Le colonel Morandy lève son sabre : "En avant, le 3 bataillon ! " commande-t-il.
jacques Louis Morandy Né à Anvers le 26/101/812, Morandy est un officier sorti du rang. Engagé en 1831, il a passé toute sa carrière en Algérie, d'abord au régiment étranger où il a été promu officer en 1841, puis chevalier de la Légion d'Honneur en 1850. Envoyé en Crimée en juin 1854, il est promu Chef de bataillon au 85em régiment de ligne. Dans ce régiment, il a été blessé une première fois lors de la bataille de l'Alma (20/9/1854) d'un coup de feu au bras gauche, puis deux nouvelles fois, les 2/8/1855 et 3/9/1855, par des eclats de pierres consécutive à un boulet, lors du siège.
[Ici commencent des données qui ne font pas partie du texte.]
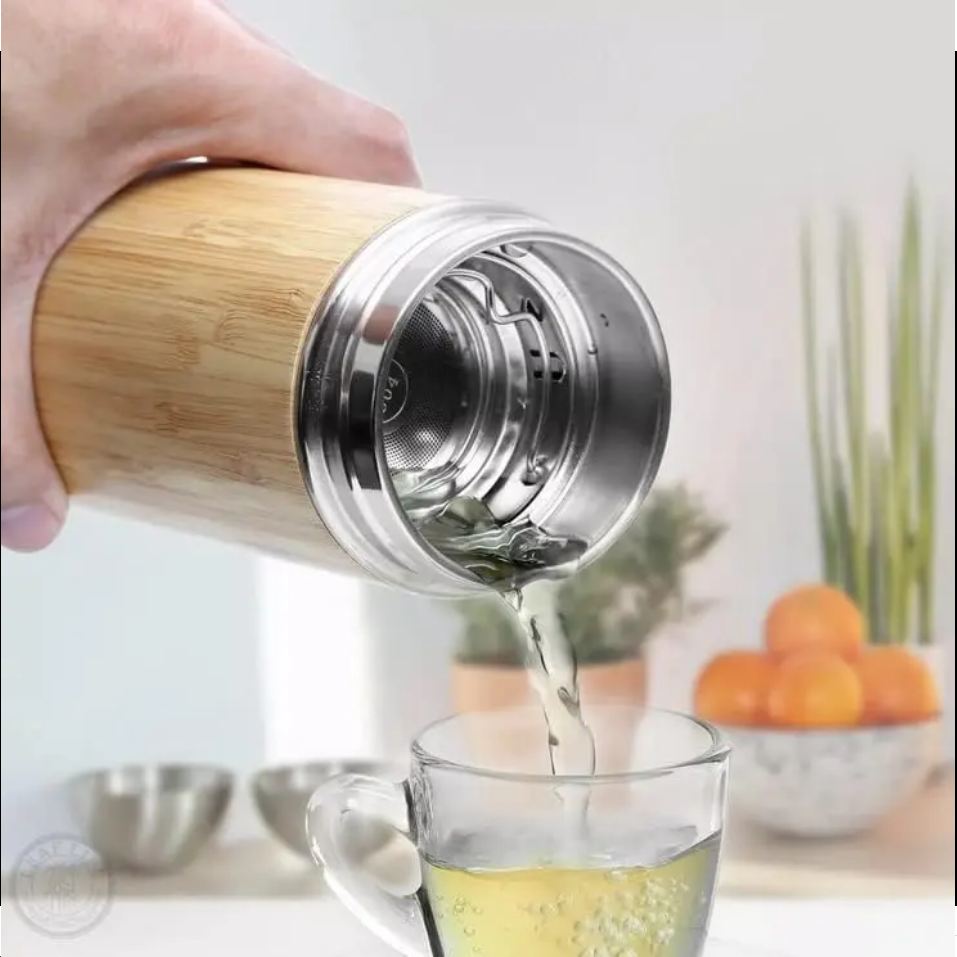 product side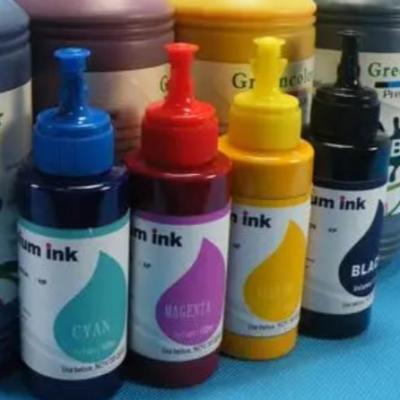 China Basecoat BC001 Basecoat / Clearcoat Metallic And Solid Colour Finishing à venda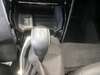 2008 1.0 TURBO 200 FLEX ALLURE AUT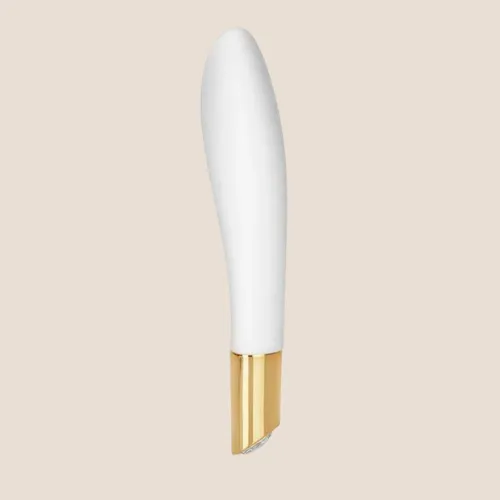 Callie by Jopen Vibrating Magic Wand Jopen Vibrators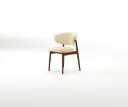 Rustic Chair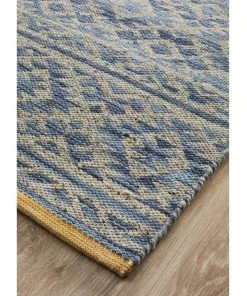 Brand new π Rug Culture Relic Harvey Blue Natural Rug π 8 Brand new π Rug Culture Relic Harvey Blue Natural Rug π -Deals Home DΓ©cor Store 797938480 2 720x928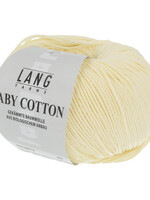 Lang Lang Yarns BabyCotton | 0013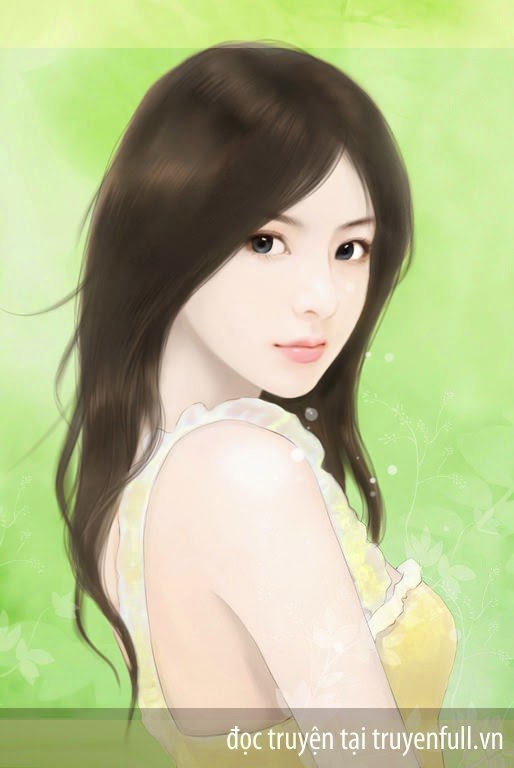 313463cd1994c3e4257e1bd1bae8d7996269fdb5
Morandy rejoint le 1er régiment de tirailleurs algerriens pour en prendre le commandement à sa promotion comme Colonel le 22/12/1868. C'est lui qui conduit au feu sa troupe lors de la guerre de 1870. Photos Nadar (Paris) |
Les turcos du commandant de Lammerz se portent aussitôt en avant contre les tirailleurs allemands, que suivent de grosses masses sortant de tous les côtés des bois qui se trouvent au sud. Nos braves Algériens défilent avec cette crânerie, qui leur donne au feu un caractère singulier et pittoresque; ils brandissent leurs armes, et promettent, selon leur coutume, " de montrer à l'ennemi des figures de lions " ils jurent "qu'ils sont des vrais fils de la gloire, et que leurs yeux ne se voilent pas devant la fusillade. " C'est étrange et saisissant.
Les Prussiens, à la vue de nos turcos, s'arrêtent, comme frappés de stupeur, et hésitent à faire demi-tour. Les 2e et 4e bataillons, commandants Sermensan et de Coulanges, se portent vivement à hauteur du bataillon de Lammerz.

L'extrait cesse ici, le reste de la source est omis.